Outro dia o meu pai nos contou de sua infância. Seus pais eram muito severos. O vô Janjão levantava e ia tirar leite da vaca. Ao voltar ninguém deveria estar mais deitado - se estivesse era despertado com uma boa surra. Vô Janjão era benzedor famoso na região. Às vezes vinham chamá-la tarde da noite e ele nunca se recusava a empregar o dom que Deus lhe deu. Mandava os filhos buscarem e arrearem o cavalo no pasto, que ficava bem longe da casa, a umas duas léguas. Não importava se era noite ou dia, tampouco se eram crianças de nove, dez anos de idade e tinham medo do escuro. Tinham que obedecer sem queixas e, se o serviço não saísse a contento, era surra.



Já a vovó não ficava para trás. Dava uma tarefa a um filho e, para marcar o tempo, cuspia no chão de terra batida. A criança deveria cumprir a tarefa antes que a saliva secasse. E olha que estavam no interior do Ceará, onde faz muito calor - a saliva devia secar bem rapidinho.



Essas atitudes grosseiras têm que ser analisadas num contexto social. Se para nós, hoje, soam como provas de baixo respeito humano, lá servia como lição de vida. O nordestino tem que ser forte, pois é um sobrevivente naquele lugar inóspito. Se for frouxo, morre. Essa foi a lição que meus avós transmitiram a seus filhos.



Depois de ouvir essas histórias de meu pai, consigo entendê-lo um pouco melhor. Ele nunca foi um pai de afagos e carinhos. Não me lembro de tê-lo visto brincando quando eu era criança. Mas também não lembro de ter sido agredido injustamente por ele. As poucas surras que me deu foram justas, de alguma forma as mereci, reconheço hoje. Como gesto de carinho lembro dele me ensinando a rezar, fazendo o sinal da cruz. Como descontração lembro que um dia, um dia só, ele ficou horas tocando uma gaita de boca.

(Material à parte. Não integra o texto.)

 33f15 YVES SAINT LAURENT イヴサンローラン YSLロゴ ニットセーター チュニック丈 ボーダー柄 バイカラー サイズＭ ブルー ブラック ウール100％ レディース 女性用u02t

Ele era polícia e eu, como criança, tinha um respeito enorme - pra não dizer medo - do policial e sua arma.



Mas é um exemplo de caráter e honradez. Só tinha o que podia pagar - quase nada. Não atrasava contas e nem as fazia se não tivesse certeza do pagamento. Não sorria para os filhos, mas mantinha a casa com muito esforço. Hoje é aposentado e vive modestamente em sua casinha na periferia. Cuida dos netos e joga dominó com os filhos nos finais de semana.

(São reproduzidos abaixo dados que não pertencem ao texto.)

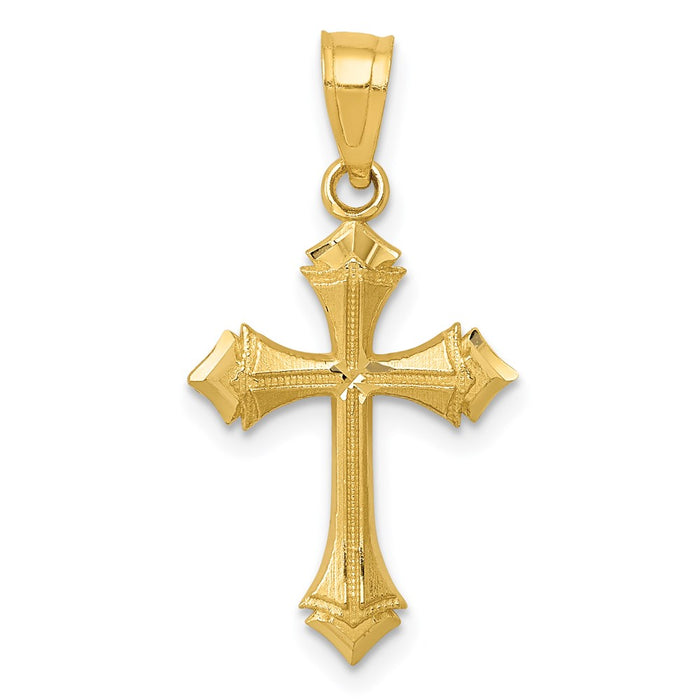 Million Charms 14K Yellow Gold Themed Diamond-Cut Passion Relgious Cross Charm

Quanta honra sinto em ser seu filho! Como pude acusá-lo de ser ausente quando estava trabalhando para nos sustentar? Como pude pensar que não se importava conosco porque, ao chegar de uma jornada massacrante de trabalho, não perguntava à mulher se o filho estava melhor da febre ou qualquer outra enfermidade?



Estas são as lições do homem simples:



1) Acorde cedo! O mundo pode ser muito severo se você ficar dormindo.

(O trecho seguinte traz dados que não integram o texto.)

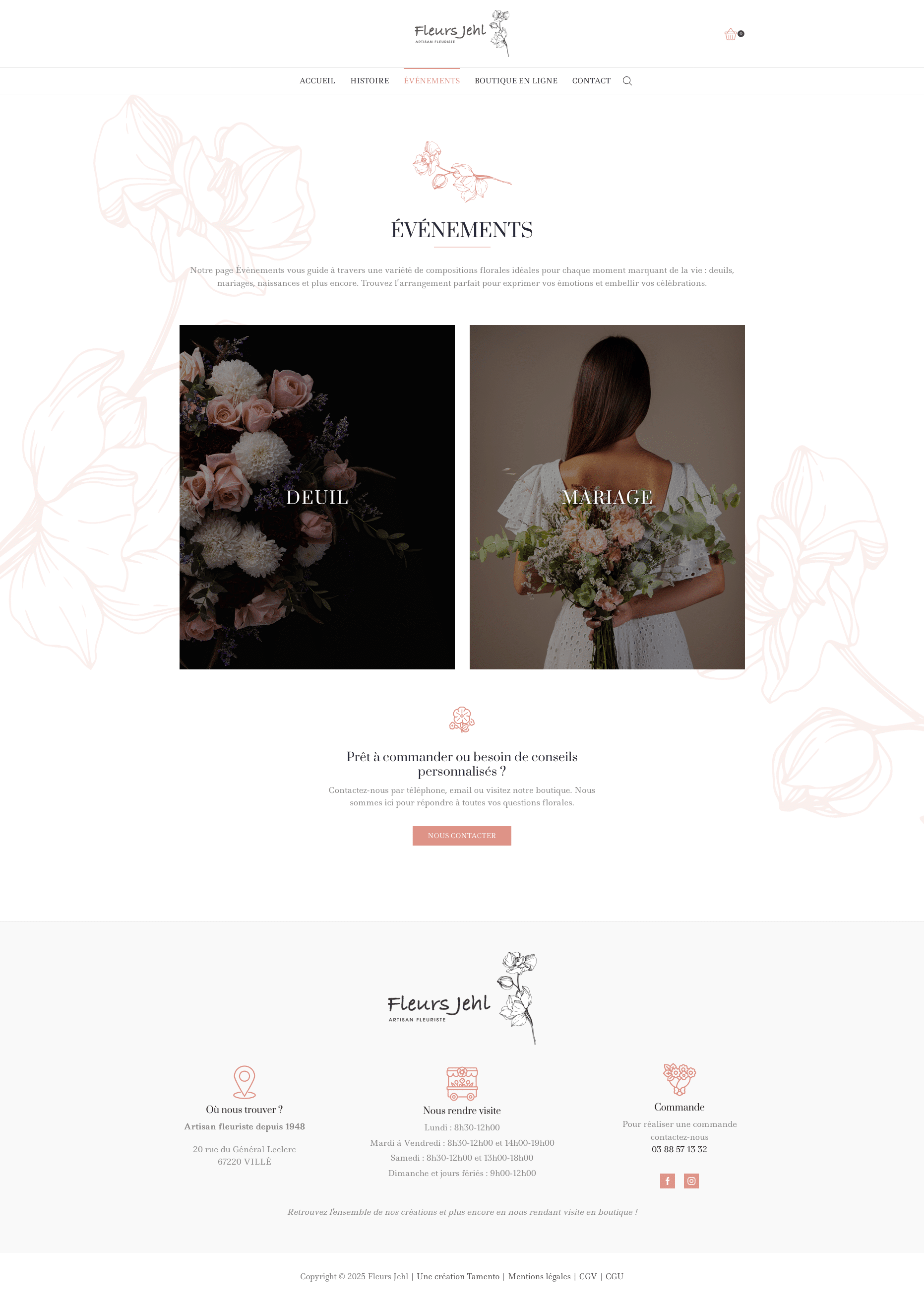 Un site web à thème floral présente deux options d'événements : Deuil" avec un bouquet de fleurs blanches et roses à gauche, et "Mariage" avec une mariée tenant un bouquet à droite, sous l'en-tête "Événements".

2) Não tenha medo de nada! nem de ser novo, nem do escuro, nem do imprevisto. O mundo não vai esperar você estar preparado para cobrar uma atitude.



3) Seja útil, rápido e preciso. O mundo gira muito rápido e não vai ter pena de descartar você.



4)Viva modestamente! não queira ter as coisas que sua renda não pode comprar.



5) Seja honesto! A vida vai cobrar cada promessa sua. Não prometa o que não puder cumprir.



6) Ame seus pais! Não importa o quanto eles o magoem, ame-os. Um dia você vai entender por que eles são tão duros.



7) Você não é melhor que seus pais! Não importa o quanto tenha estudado ou se preparado. Eles sempre serão melhores que você. Será um vitorioso se for igual a eles. A vida vai mostrar isso.